Start of Data for analysis
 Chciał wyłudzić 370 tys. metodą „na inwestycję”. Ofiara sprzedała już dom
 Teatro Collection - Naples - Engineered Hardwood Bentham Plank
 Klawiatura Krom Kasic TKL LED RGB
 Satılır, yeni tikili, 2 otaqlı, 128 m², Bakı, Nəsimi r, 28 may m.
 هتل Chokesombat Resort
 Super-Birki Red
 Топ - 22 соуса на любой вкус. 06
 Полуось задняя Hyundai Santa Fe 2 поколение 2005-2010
End of Data for analysis
Start of Data for analysis
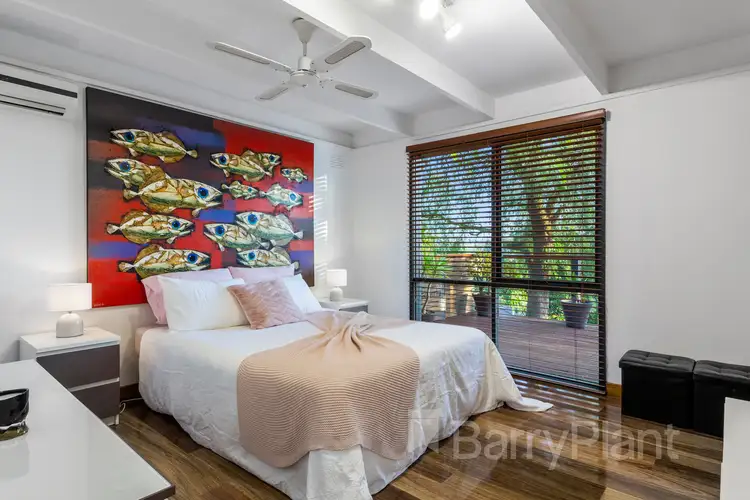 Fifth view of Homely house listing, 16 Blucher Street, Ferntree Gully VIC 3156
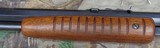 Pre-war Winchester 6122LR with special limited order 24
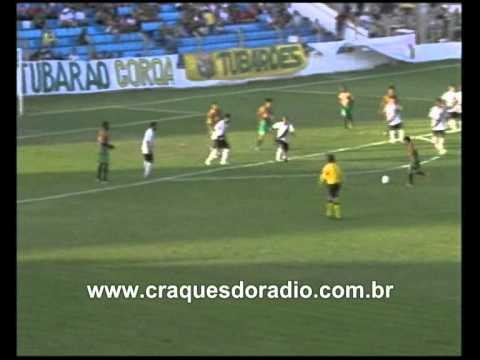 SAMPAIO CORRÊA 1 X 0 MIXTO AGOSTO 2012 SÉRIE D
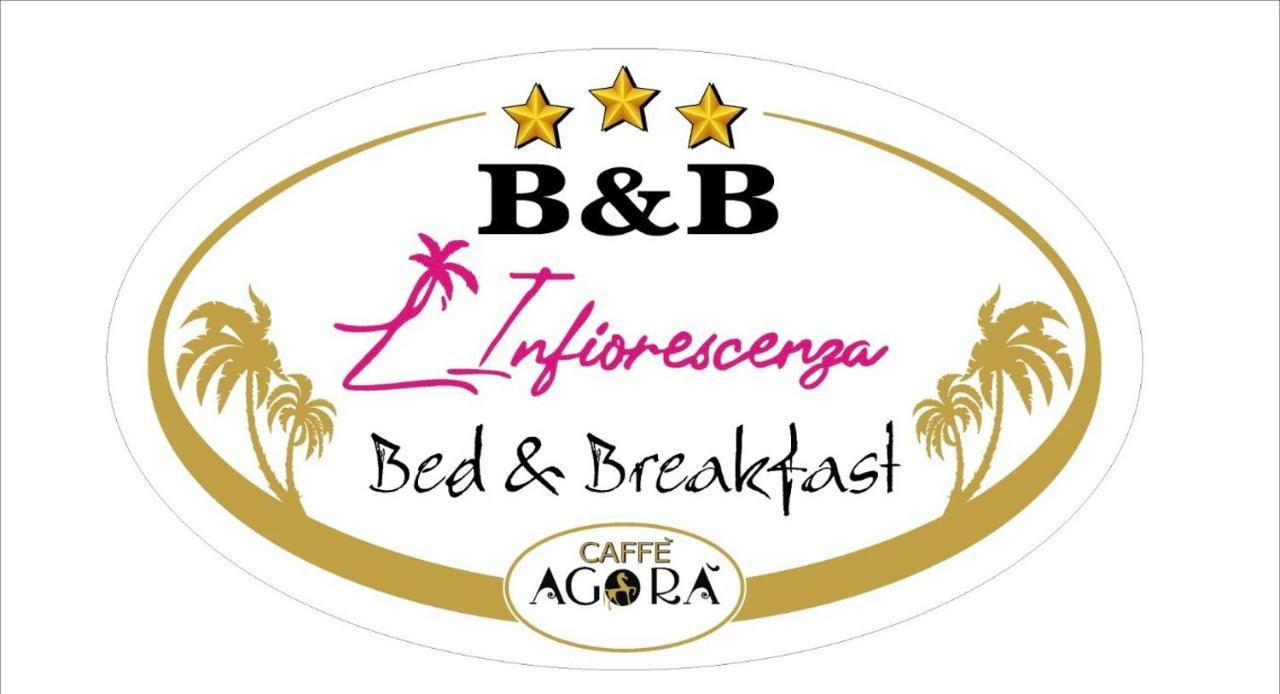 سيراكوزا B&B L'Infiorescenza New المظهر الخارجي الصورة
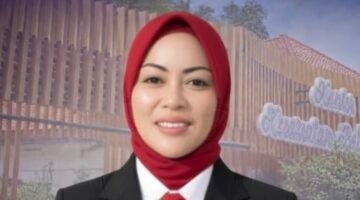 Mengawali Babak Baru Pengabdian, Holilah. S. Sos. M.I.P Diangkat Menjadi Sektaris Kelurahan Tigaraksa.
End of Data for analysis
• [Goal of the exercise]: Beginning with the line above that contains "هتل Chokesombat Resort", copy each line exactly up to and including the line that contains "Полуось задняя Hyundai", and go no further.

• [Output of the task]:
 هتل Chokesombat Resort
 Super-Birki Red
 Топ - 22 соуса на любой вкус. 06
 Полуось задняя Hyundai Santa Fe 2 поколение 2005-2010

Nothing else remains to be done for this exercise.